Certamente, a Taranto e soprattutto nell’Ilva, la Fiom Cgil ha recitato un ruolo molto diverso rispetto a quello vissuto in altre realtà industriali italiane: su tutte, ad esempio, la Fiat. Per anni, il sindacato storicamente più vicino ai lavoratori, ha recitato dentro e fuori il siderurgico un ruolo alquanto ambiguo. Se da un lato si è sempre dichiarato parte civile nei processi che vedevano parte lesa operai deceduti sul lavoro o per malattie professionali (fornendo spesso e volentieri alle famiglie anche supporto e assistenza legale), dall’altro è completamente mancato nelle battaglie sindacali interne al siderurgico e nel processo di controllo sullo stato degli impianti dell’area a caldo, oltre che del rispetto dei tanti atti d’intesa sottoscritti negli anni e quindi nella tutela della salute dei lavoratori.
Così come non può non aver avuto un peso l’essersi schierati con azienda e Confindustria nel ricorso al TAR di Lecce avverso il referendum consultivo sul siderurgico a cui è stata chiamata la popolazione tarantina. O l’aver appoggiato il gruppo Riva nella sponsorizzazione del miliardo di euro investito per “ambientalizzare” la fabbrica dal 1995 ad oggi. O l’aver sostenuto a spada tratta la possibilità di un’attuale e futura “eco-compatibilità” dell’Ilva. Probabilmente la Fiom e la Cgil hanno perso di vista il fatto che gli operai sono prima di tutto cittadini. E che quella fabbrica e quegli impianti li vivono quotidianamente e li conoscono come le loro tasche. Del resto non può essere un caso, e certamente non lo è, se la maggioranza degli operai che hanno aderito al comitato cittadino dei “Liberi e Pensanti” e di coloro i quali hanno infoltito le fila dell’USB nell’ultimo anno, provengono quasi tutti dalla Fiom Cgil e che molti di loro all’interno del sindacato avevano ruoli di primissimo piano (basti pensare che soltanto nel gennaio del 2012, 400 iscritti e 6 Rsu andarono via e che sino a 4-5 anni fa all’interno dell’Ilva la Fiom contava 2300-2400 iscritti).
E certamente non è bastato per limitare i danni, iniziare la tanto rivendicata “pulizia interna” (leggi “cacciata” dell’ex segretario Franco Fiusco) o il proporre, rassegnando le dimissioni dal Cda, di restituire il circolo “Vaccarella” agli operai conferendo loro anche la gestione dello stesso.
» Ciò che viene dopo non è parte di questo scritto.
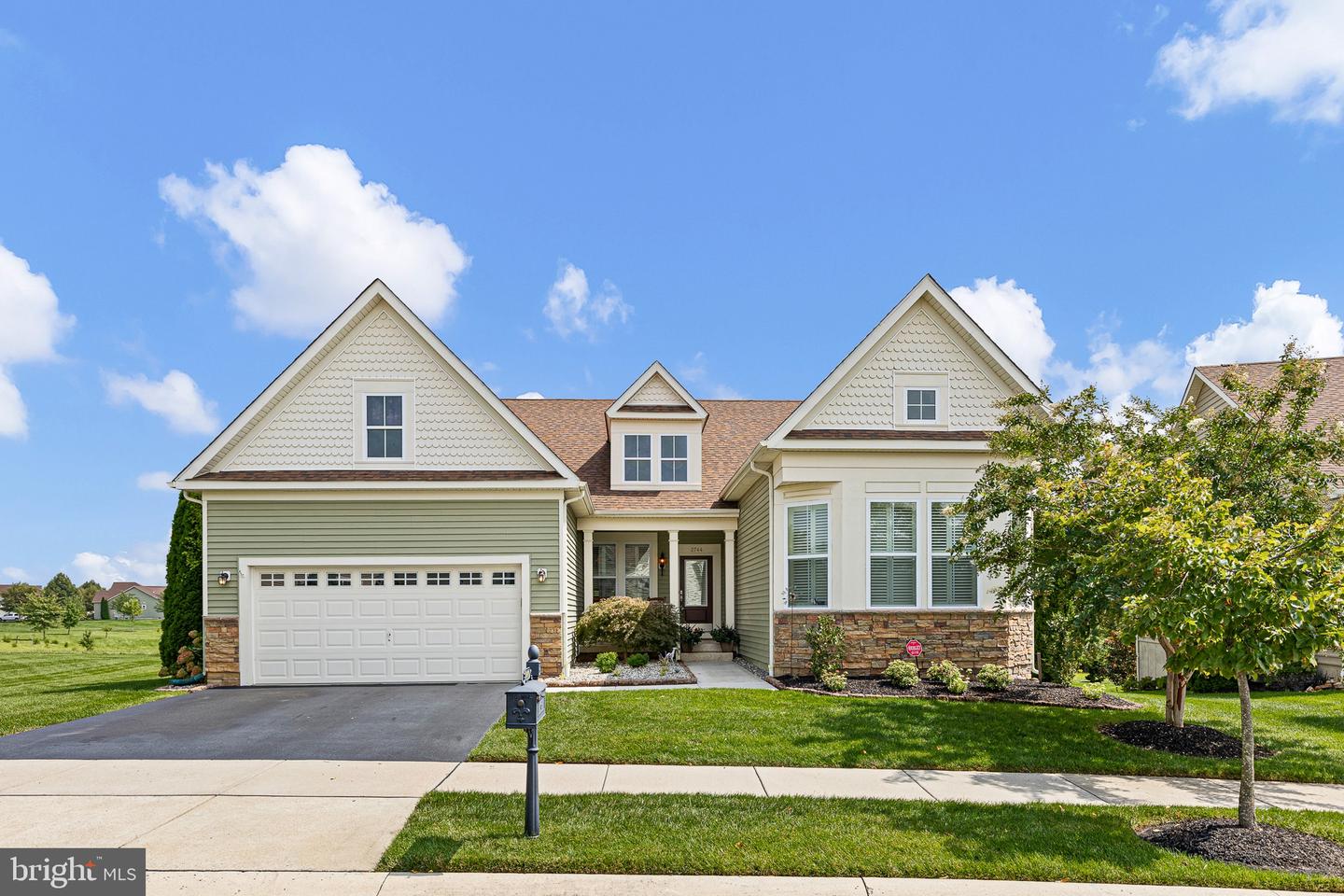 2744 Van Cliburn Cir Property Photo 2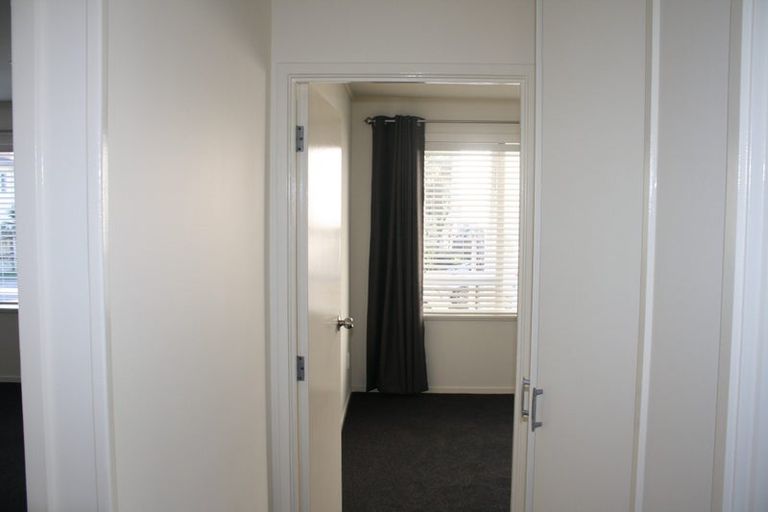 Photo of property in 2/119 Nile Road, Milford, Auckland, 0620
Ancora oggi, all’interno della Fiom, quelli che si espongono di più e che vorrebbero una politica diversa all’interno del siderurgico vengono marginalizzati. Tutte queste cose alla Fiom le sanno molto bene: non è un caso se all’indomani del verdetto elettorale, il segretario nazionale della Fiom Cgil, Rosario Rappa, ha dichiarato che “per quanto abbiano pesato negativamente irregolarità e gravi scorrettezze nelle elezioni, è necessario che la Fiom avvii un’ampia riflessione a tutti i livelli dell’organizzazione, dagli organismi nazionali a quelli territoriali, coinvolgendo i delegati eletti e gli iscritti, aprendo una fase di profonda discussione sia nel rapporto con la fabbrica e i lavoratori, sia con la città e la sua popolazione”. L’unico problema è che forse oggi è davvero troppo tardi.